(Exercise objective):
Write the records out exactly as shown. No pictures.
= = = =
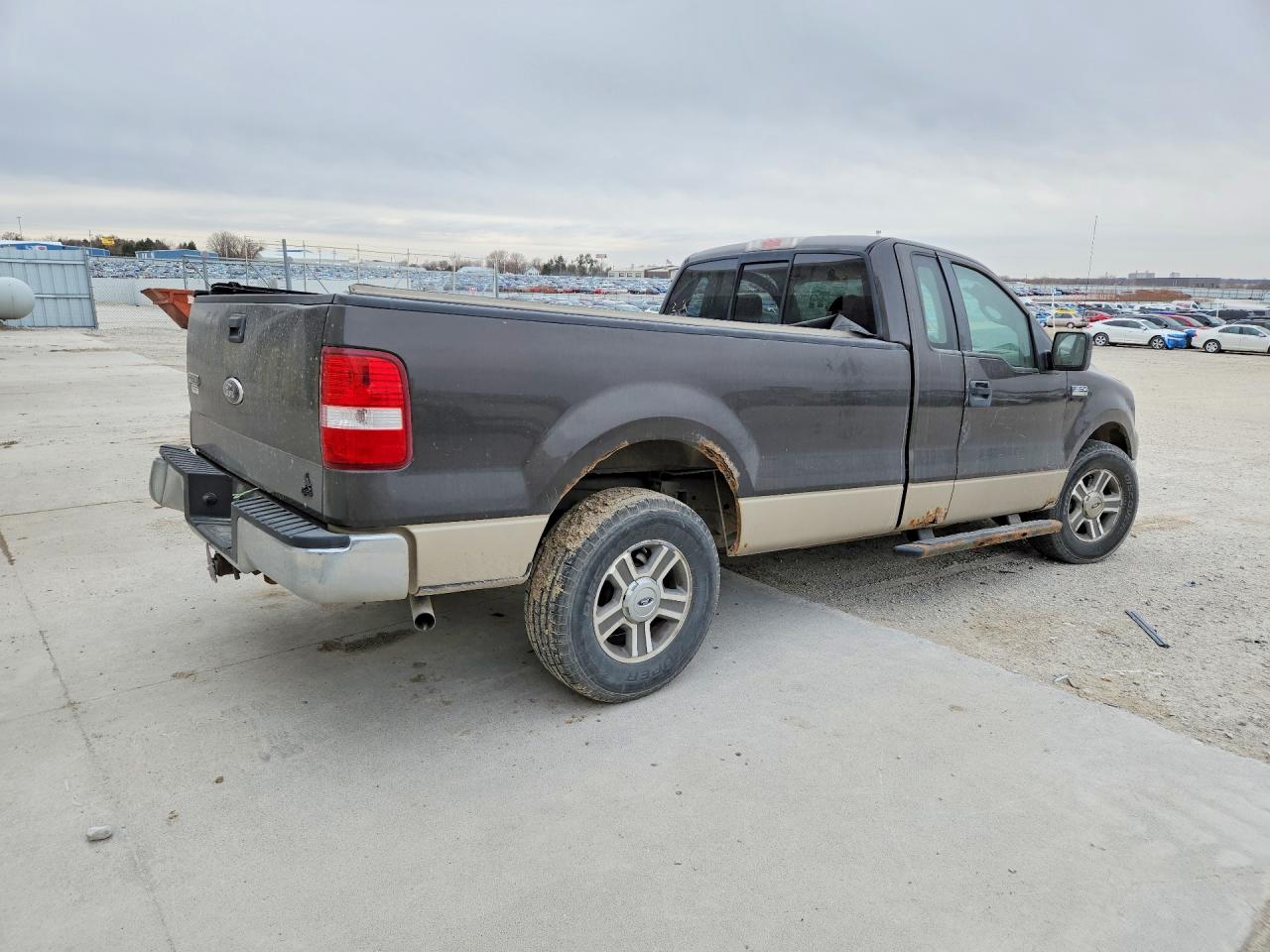 2007 FORD F150 photo 3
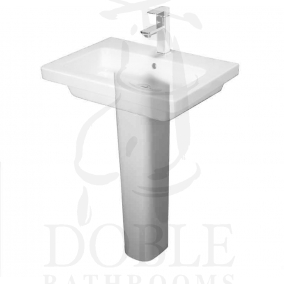 Essential Basins - Ivy Extended Height Pedestal For 650mm Basin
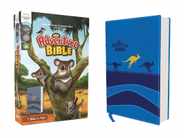 Nasb, Adventure Bible, Leathersoft, Blue, Full Color Interior, Red Letter Edition, 1995 Text, Comfort Print Subscription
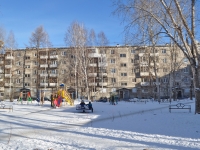Yekaterinburg, Uralskaya st, house 60. Apartment house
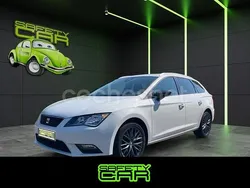 Blanco Usado 2016 Seat Leon Style Familiar | 12.500 € (Precio justo)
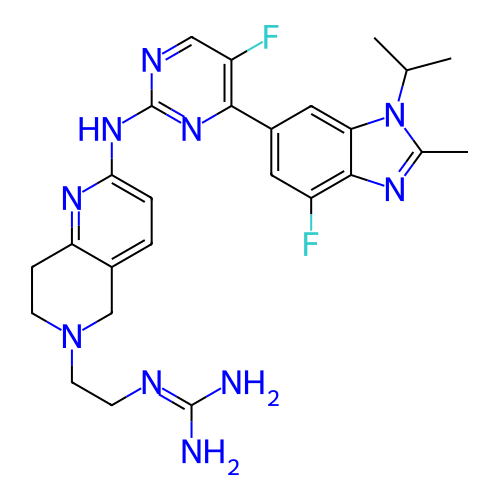 Chemical structure of BindingDB Monomer ID 444577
= = = =
(Your solution):
 2007 FORD F150 photo 3
 Essential Basins - Ivy Extended Height Pedestal For 650mm Basin
 Nasb, Adventure Bible, Leathersoft, Blue, Full Color Interior, Red Letter Edition, 1995 Text, Comfort Print Subscription
Yekaterinburg, Uralskaya st, house 60. Apartment house
 Blanco Usado 2016 Seat Leon Style Familiar | 12.500 € (Precio justo)
 Chemical structure of BindingDB Monomer ID 444577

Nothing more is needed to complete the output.